Che l’appello venga accolto “in special modo da chi fa del progresso la sua bandiera”, e dunque, in special modo, dal suo Pd. Che se in Italia talvolta tentenna, da Bruxelles, invece, con l’ex sindaco di Firenze Dario Nardella, acclude all’assenso al Nobel una testimonianza personale: “Ho conosciuto Zelensky a Kyiv nell’estate del primo anno di guerra – dice l’eurodeputato – dopo che a marzo era intervenuto per la prima volta da remoto nella grande manifestazione di Piazza Santa Croce a Firenze, collegata ad altre 100 piazze europee, con le bandiere dell’Ucraina e di tutti i partiti politici”. E da allora? “Da allora abbiamo costruito un rapporto di collaborazione sincera. Quando lo incontrai a Kyiv per firmare l’accordo tra le città ucraine e quelle europee, per la ricostruzione delle loro scuole, ospedali, biblioteche, gli chiesi: presidente, come mai in piena guerra e sotto i bombardamenti, a cinque mesi dall’invasione russa, volete parlare di ricostruzione delle città attaccate? Lui mi rispose: Perché se non ci impegniamo nella ricostruzione anche sotto le bombe, come posso trasmettere al mio popolo, che combatte ogni giorno, un messaggio di speranza per arrivare presto alla pace e alla rinascita? Ecco. In quella conversazione a Kyiv ritrovo le ragioni di una proposta di conferimento del premio Nobel a Zelensky”.

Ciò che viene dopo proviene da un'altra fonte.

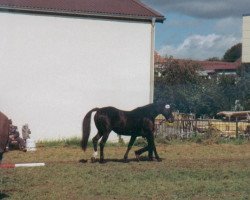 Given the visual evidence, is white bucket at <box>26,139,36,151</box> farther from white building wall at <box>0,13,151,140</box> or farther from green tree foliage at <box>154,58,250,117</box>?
green tree foliage at <box>154,58,250,117</box>

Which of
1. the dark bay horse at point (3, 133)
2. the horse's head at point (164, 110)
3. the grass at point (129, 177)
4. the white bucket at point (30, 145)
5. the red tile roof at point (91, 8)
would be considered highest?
the red tile roof at point (91, 8)

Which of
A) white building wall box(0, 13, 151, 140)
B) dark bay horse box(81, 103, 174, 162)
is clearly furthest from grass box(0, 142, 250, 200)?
white building wall box(0, 13, 151, 140)

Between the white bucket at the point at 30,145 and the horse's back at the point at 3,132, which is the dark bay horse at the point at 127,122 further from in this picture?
the horse's back at the point at 3,132

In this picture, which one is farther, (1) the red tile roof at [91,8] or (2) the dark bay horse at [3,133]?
(1) the red tile roof at [91,8]

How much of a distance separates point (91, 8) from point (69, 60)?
2438 mm

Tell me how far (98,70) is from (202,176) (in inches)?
419

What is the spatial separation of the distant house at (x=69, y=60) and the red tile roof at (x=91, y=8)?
0.04 m

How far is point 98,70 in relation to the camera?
23375 millimetres

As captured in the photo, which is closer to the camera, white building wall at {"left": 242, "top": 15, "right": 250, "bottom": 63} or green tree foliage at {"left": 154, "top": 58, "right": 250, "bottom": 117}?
green tree foliage at {"left": 154, "top": 58, "right": 250, "bottom": 117}

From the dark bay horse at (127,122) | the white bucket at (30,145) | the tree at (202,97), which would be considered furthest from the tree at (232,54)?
the dark bay horse at (127,122)

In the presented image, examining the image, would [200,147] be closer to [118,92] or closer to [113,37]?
[118,92]

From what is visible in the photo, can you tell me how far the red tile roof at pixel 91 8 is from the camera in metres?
22.0

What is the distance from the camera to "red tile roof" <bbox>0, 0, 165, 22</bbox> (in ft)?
72.3

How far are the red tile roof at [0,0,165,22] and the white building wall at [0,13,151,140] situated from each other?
0.99 feet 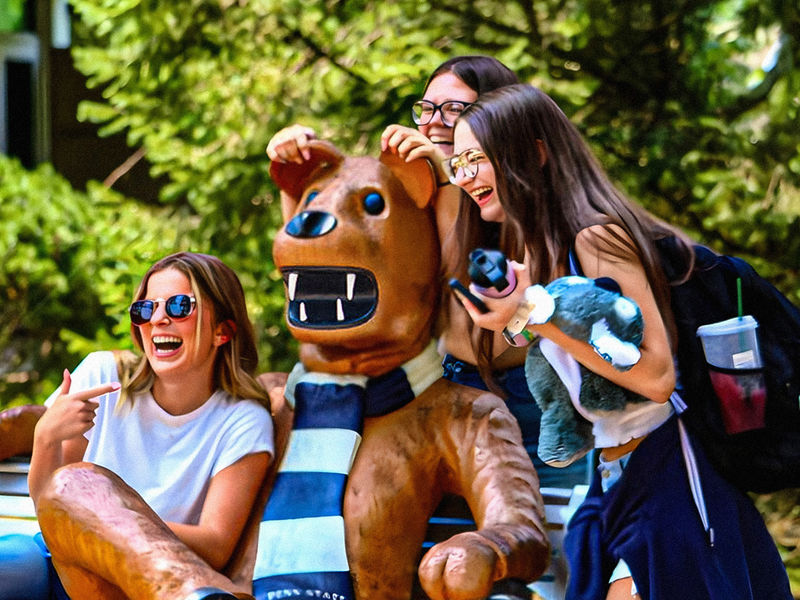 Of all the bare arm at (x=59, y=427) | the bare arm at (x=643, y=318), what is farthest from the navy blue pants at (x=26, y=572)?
the bare arm at (x=643, y=318)

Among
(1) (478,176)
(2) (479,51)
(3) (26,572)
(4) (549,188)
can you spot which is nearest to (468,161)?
(1) (478,176)

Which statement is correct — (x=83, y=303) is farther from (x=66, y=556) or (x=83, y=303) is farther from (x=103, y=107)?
(x=66, y=556)

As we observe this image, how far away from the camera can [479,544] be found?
88.4 inches

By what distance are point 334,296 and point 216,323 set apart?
0.35 meters

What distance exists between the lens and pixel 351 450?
105 inches

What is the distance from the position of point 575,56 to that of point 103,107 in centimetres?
228

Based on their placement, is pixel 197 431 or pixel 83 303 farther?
pixel 83 303

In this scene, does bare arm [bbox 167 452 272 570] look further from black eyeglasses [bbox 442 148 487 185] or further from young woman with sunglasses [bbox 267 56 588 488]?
black eyeglasses [bbox 442 148 487 185]

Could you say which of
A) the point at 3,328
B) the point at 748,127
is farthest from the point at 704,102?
the point at 3,328

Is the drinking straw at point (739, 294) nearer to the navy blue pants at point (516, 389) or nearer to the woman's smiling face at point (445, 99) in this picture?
the navy blue pants at point (516, 389)

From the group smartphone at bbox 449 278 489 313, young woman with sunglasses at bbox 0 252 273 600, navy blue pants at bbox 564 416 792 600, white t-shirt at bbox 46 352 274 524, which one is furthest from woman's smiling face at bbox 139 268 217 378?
navy blue pants at bbox 564 416 792 600

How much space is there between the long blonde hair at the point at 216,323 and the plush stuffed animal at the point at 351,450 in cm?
13

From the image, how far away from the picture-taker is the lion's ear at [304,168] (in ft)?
9.34

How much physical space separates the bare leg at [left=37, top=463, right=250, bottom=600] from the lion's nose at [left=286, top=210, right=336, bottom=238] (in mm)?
720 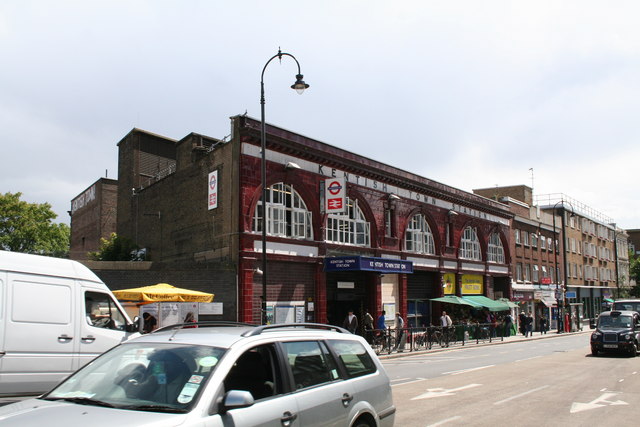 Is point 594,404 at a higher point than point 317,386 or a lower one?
lower

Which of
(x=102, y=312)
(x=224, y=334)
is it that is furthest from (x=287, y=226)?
(x=224, y=334)

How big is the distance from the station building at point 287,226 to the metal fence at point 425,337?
9.74ft

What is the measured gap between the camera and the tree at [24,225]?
2023 inches

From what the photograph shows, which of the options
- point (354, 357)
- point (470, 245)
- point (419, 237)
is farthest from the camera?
point (470, 245)

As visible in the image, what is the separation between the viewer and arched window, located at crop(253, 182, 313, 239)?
2534 centimetres

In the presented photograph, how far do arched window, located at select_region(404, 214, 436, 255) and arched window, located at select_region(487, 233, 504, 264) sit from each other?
30.5ft

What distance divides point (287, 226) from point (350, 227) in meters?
4.80

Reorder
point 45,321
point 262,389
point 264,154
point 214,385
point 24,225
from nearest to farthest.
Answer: point 214,385 < point 262,389 < point 45,321 < point 264,154 < point 24,225

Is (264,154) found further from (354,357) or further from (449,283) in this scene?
(449,283)

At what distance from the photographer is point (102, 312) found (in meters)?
9.76

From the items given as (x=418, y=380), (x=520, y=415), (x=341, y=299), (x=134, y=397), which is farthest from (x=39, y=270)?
(x=341, y=299)

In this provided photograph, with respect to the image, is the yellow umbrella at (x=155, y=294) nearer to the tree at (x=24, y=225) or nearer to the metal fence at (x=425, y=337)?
the metal fence at (x=425, y=337)

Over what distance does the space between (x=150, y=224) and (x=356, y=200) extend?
38.0 ft

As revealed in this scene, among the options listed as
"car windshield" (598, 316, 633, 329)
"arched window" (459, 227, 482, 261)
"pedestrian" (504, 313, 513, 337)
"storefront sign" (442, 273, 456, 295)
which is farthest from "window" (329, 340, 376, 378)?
"arched window" (459, 227, 482, 261) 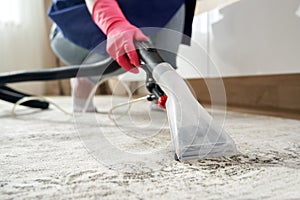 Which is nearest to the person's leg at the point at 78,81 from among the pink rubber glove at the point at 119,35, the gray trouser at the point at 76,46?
the gray trouser at the point at 76,46

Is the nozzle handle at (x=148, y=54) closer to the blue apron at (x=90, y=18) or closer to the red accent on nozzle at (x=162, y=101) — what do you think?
the red accent on nozzle at (x=162, y=101)

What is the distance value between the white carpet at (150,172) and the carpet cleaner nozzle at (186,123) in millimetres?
16

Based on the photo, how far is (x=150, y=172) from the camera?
15.9 inches

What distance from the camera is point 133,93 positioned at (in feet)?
2.32

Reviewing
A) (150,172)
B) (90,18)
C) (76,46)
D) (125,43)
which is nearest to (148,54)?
(125,43)

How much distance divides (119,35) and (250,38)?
1.84 ft

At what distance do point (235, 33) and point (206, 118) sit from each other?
0.64 m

Per la deputata Lia Quartapelle, “Zelensky merita il premio per il suo coraggio, perché con il coraggio sta guidando il suo popolo”. E se pure tra i riformisti c’è chi è punto persuaso dall’opzione-Nobel, non per questo cambia niente nella sostanza. Per l’ex sindaco di Bergamo oggi europarlamentare Giorgio Gori è vero che “la politica vive anche di atti simbolici, di cittadinanze onorarie e di proposte-bandiera, ma…”. Ma? “Ma ai simboli, ed è un mio limite, io tendo a preferire la consistenza delle policies, che in questo caso valgono il rinnovo e anzi il potenziamento del sostegno umanitario, economico e militare dell’Europa a Kyiv. Tanto per l’oggi, a compensare la miseria morale di chi promette ‘mai più un dollaro per l’Ucraina’, quanto per il domani, quando l’auspicato ‘cessate il fuoco’ avrà bisogno di robuste garanzie per trasformarsi in una pace solida e duratura. Mi perdonerà, quindi, il direttore del Foglio se alla sua proposta di candidare Zelensky al Nobel scelgo di aderire nella sostanza ma non nella forma”.
Adesione – formale o sostanziale – per la quale il Pd ha battuto comunque un colpo. Soprattutto da Bruxelles. “Da europei – conclude Picierno – dopo decenni di ubriacatura da bilanci e rigore, abbiamo riscoperto il senso più profondo della nostra integrazione, la ragione più intensa della nostra partecipazione politica, la resistenza più tenace alla protervia dell’aggressore”.